» DATASET EXCERPT
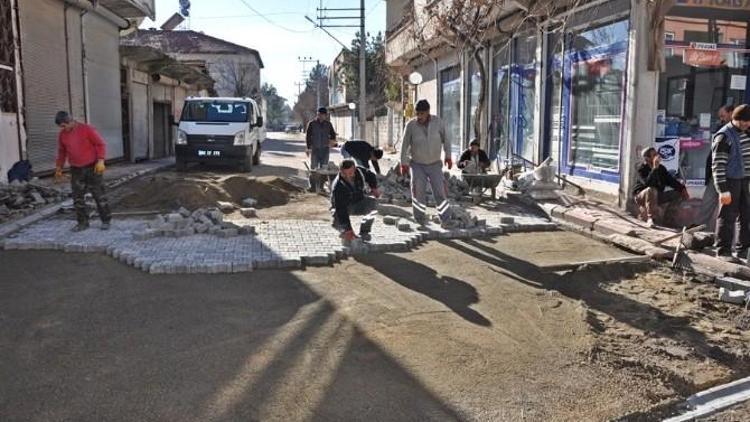 Bozulan Yollar Yenileniyor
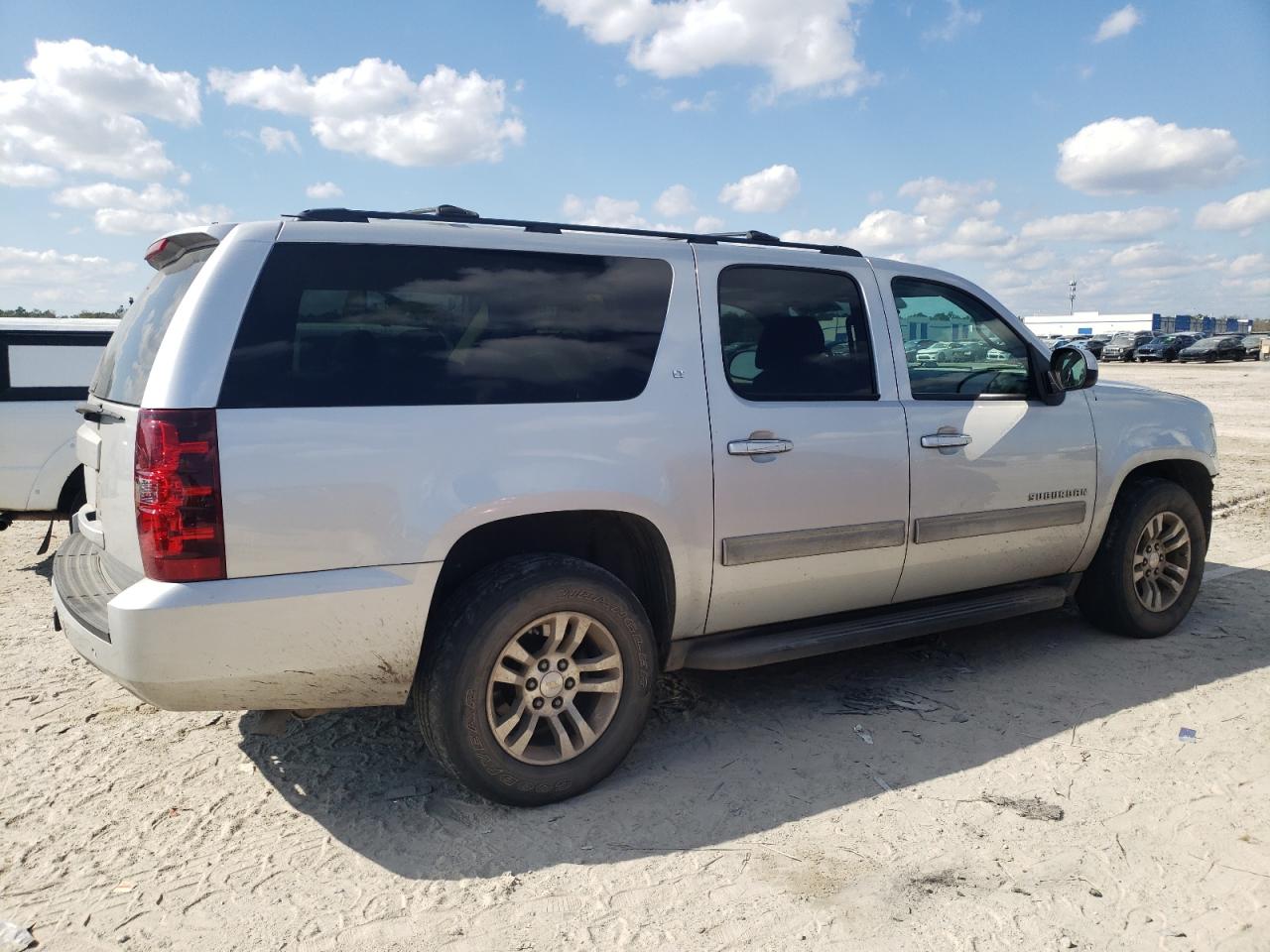 2014 Chevrolet Suburban - Image 3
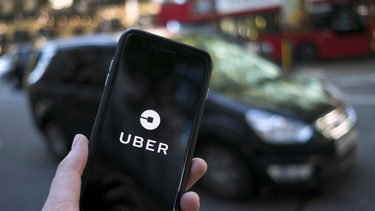 cuidado con la estafa del vomito: su viaje en uber puede salirle muy costoso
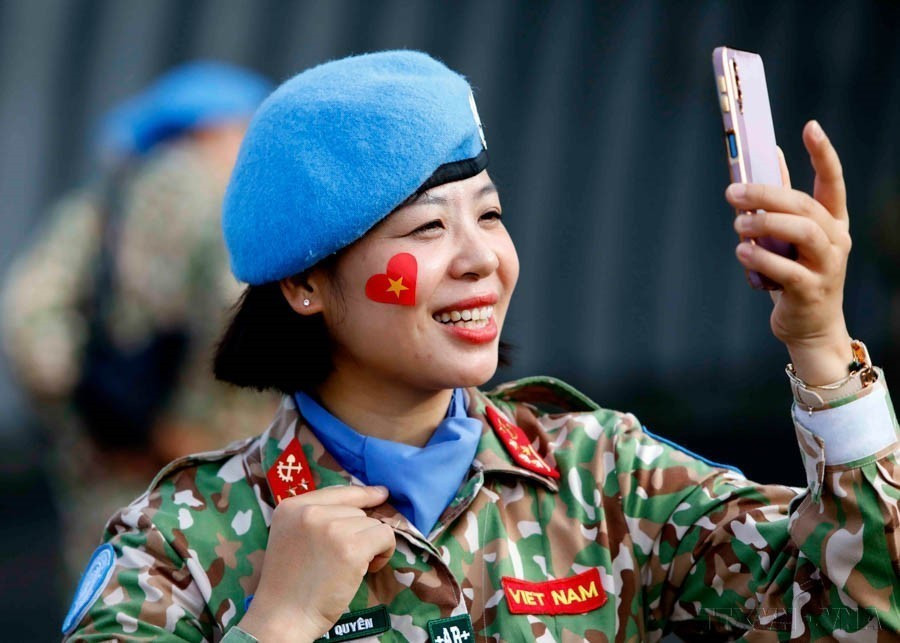 女工兵(二号工兵队)在阿卜耶伊地区联阿安全部队特派团(UNISFA)执行联合国维和任务前与亲人告别(2023年8月8日)。图自越通社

» YOUR ASSIGNMENT
The answer should consist only of the lines from the line with "2014 Chevrolet Suburban - Image 3" through the last line of the data, repeated exactly; pictures stay out.

» RESPONSE TO THIS TASK
 2014 Chevrolet Suburban - Image 3
 cuidado con la estafa del vomito: su viaje en uber puede salirle muy costoso
 女工兵(二号工兵队)在阿卜耶伊地区联阿安全部队特派团(UNISFA)执行联合国维和任务前与亲人告别(2023年8月8日)。图自越通社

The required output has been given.